* **WORK TO BE COMPLETED**: In the entries below, repeat only the lines between those holding "HOMCOM Shoe Cabinet" and "Vestito Calvin Klein", inclusive. Leave pictures out.

* **DATA EXTRACT**:
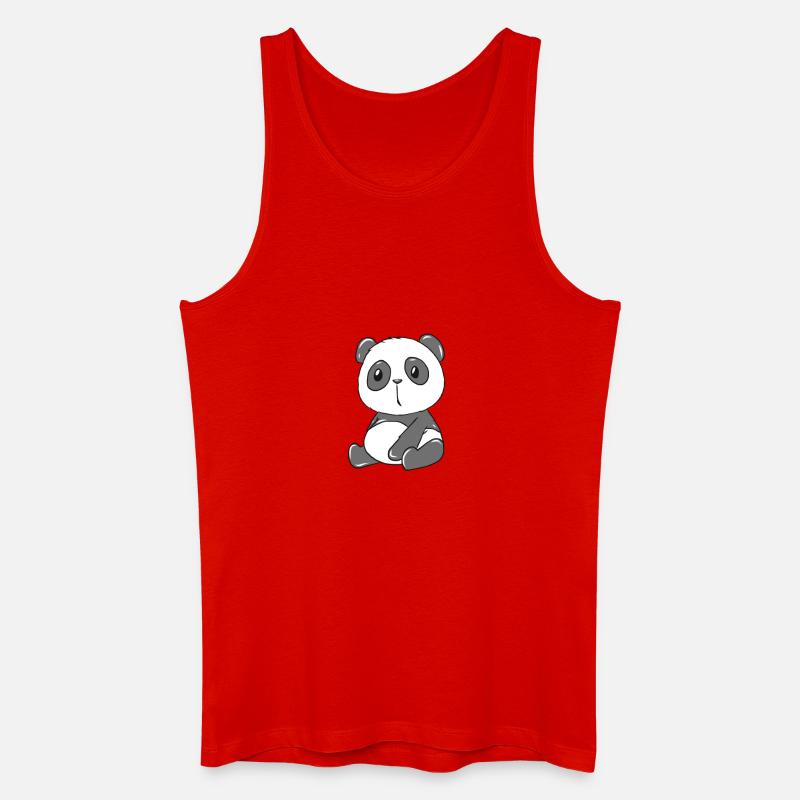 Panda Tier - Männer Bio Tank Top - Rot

--

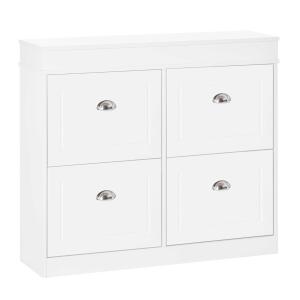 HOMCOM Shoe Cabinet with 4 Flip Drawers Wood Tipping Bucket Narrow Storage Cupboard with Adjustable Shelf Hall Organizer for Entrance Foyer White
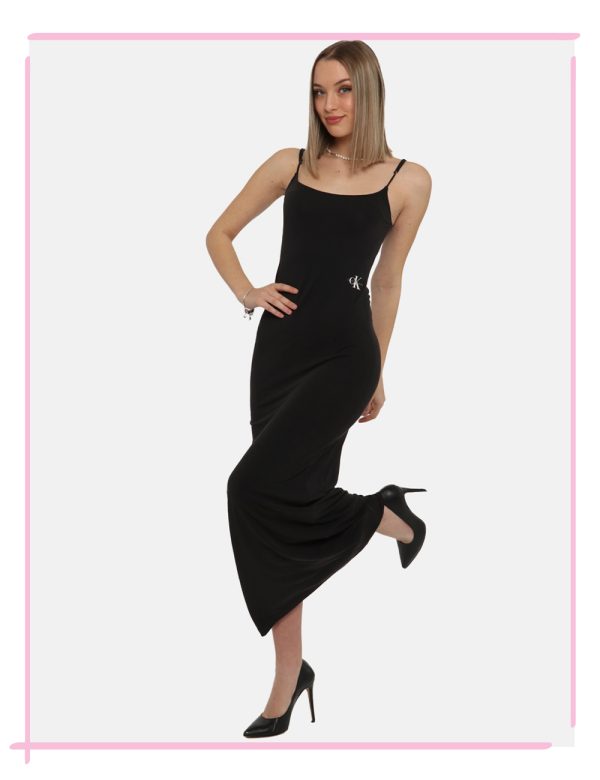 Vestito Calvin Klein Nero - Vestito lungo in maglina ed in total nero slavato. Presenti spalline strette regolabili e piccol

* **OUTPUT OF THE TASK**:
 HOMCOM Shoe Cabinet with 4 Flip Drawers Wood Tipping Bucket Narrow Storage Cupboard with Adjustable Shelf Hall Organizer for Entrance Foyer White
 Vestito Calvin Klein Nero - Vestito lungo in maglina ed in total nero slavato. Presenti spalline strette regolabili e piccol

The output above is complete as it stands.